### Your goal
This task calls for the lines below starting at the one containing "दिल्ली के तुर्कमान" and ending at the one containing "bewachsenes Fachwerkhaus am Rhein", repeated exactly with both ends kept and pictures left out.

*** Entries supplied ***

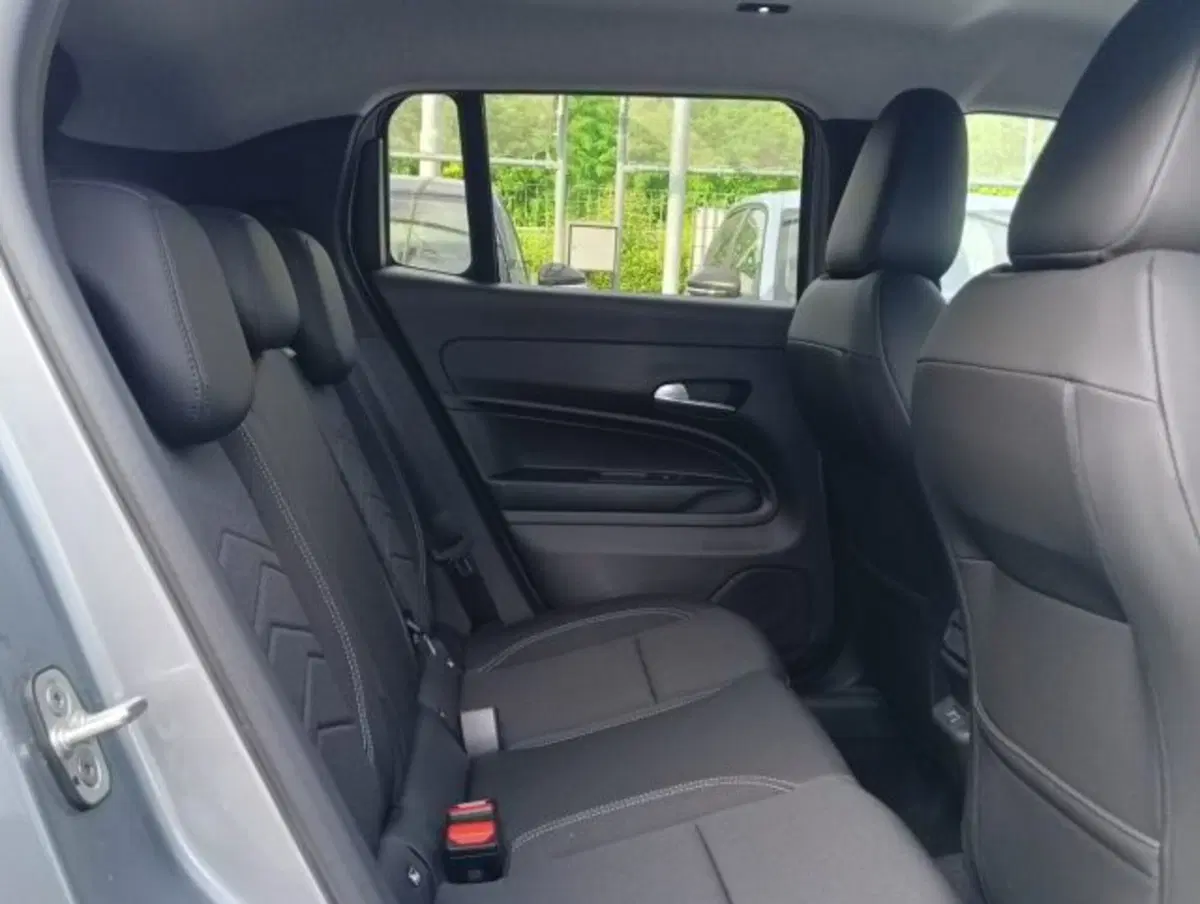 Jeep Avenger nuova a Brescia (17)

*** End of Entries supplied ***
*** Entries supplied ***

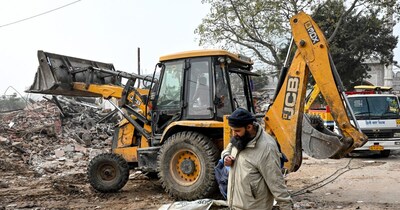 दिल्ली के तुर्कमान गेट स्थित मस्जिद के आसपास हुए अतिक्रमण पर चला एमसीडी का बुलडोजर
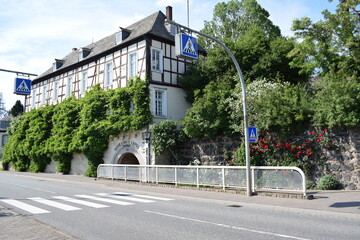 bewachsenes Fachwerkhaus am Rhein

*** End of Entries supplied ***

### Answer box
 दिल्ली के तुर्कमान गेट स्थित मस्जिद के आसपास हुए अतिक्रमण पर चला एमसीडी का बुलडोजर
 bewachsenes Fachwerkhaus am Rhein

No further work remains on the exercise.